Hi, Robert.
The smallest integer on which JVM can operate is int. It can't store a "byte" on a stack or in a local variable. This behavior is reflected in JLS: all operators converts smaller types to an int (or greater types). You can't get a "byte" as a result of integer additions without a casting, for example.
And even when you pass byte to a method it is passed as an "int" on a JVM stack. When you cast something to a byte, result on a jvm stack will also be an integer. It will be truncated to a "byte" range, but still will be an integer. See i2b instruction. It sign-extends lower byte of the integer value.
You even may have two methods one accepting byte and other accepting integer. Both will receive it's argument as an integer on a stack. And the only difference will be in a method signature in an invocation instruction.
I am probably not understanding bipush, but why does it take the byte and convert it into an integer?

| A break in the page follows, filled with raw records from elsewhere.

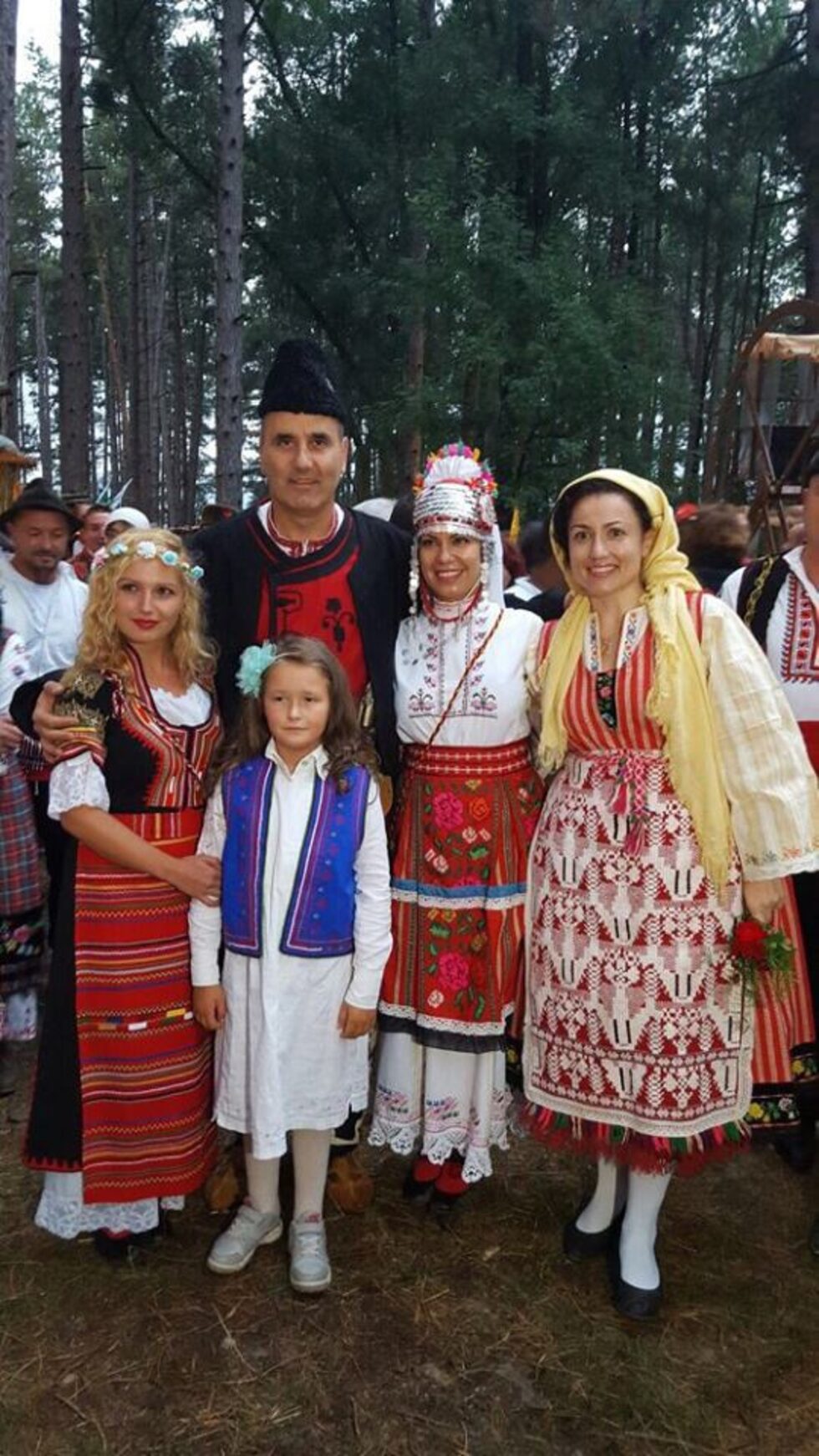 "Трябва да възродим традицията и все по често да има такива фестивали, на които да сме облечени с народни носии", каза министърът на земеделието и храните Десислава Танева преди откриването на фестивала. На снимката Танева е с жълтата кърпа.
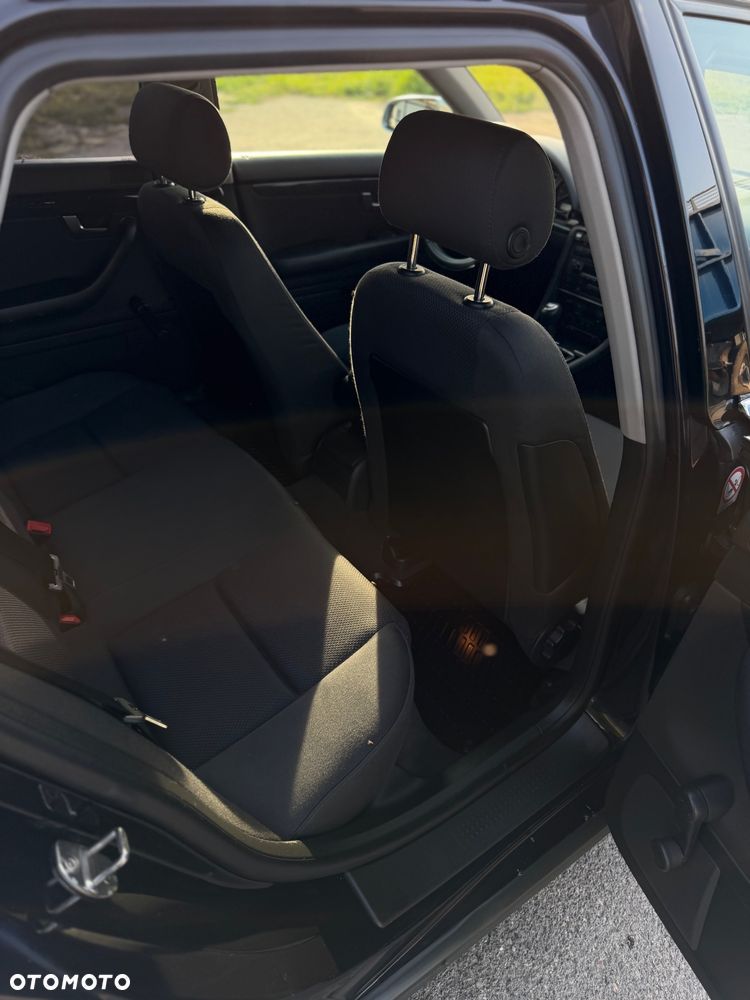 Audi A4 Avant 1.8T Quattro - 12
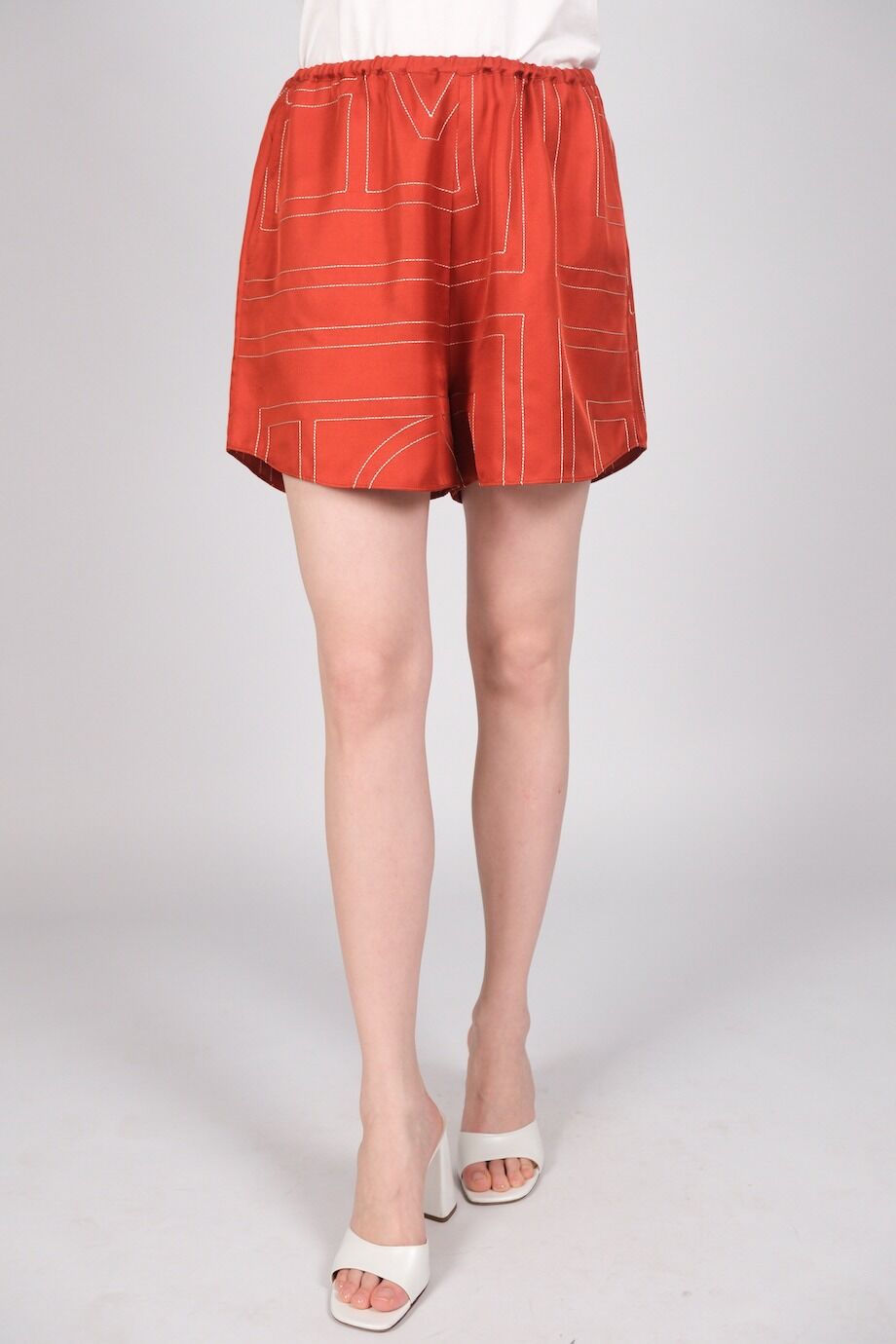 image 2 Шелковые шорты оранжевого цвета с орнаментом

It is a matter of bytecode size. And it is completely unrelated with an actual type in a source. Java compiler may use bipush for bytes, characters, shorts and ints if they fits in a "byte" value range. If possible, compiler uses iconst_* instruction (1 byte). If it is not possible, compiler tries to use bipush (2 bytes). If it is also not possible (value is outside [-128,127] range), compilers tries to use sipush (3 bytes). If even this is not possible compiler uses LDC/LDCW with a pool index (2/3 bytes in bytecode + 5 bytes in a pool (and a constant pool's slot of course)).
No types, just a way to write integer (always an integer!) value using less bytes than in a general case.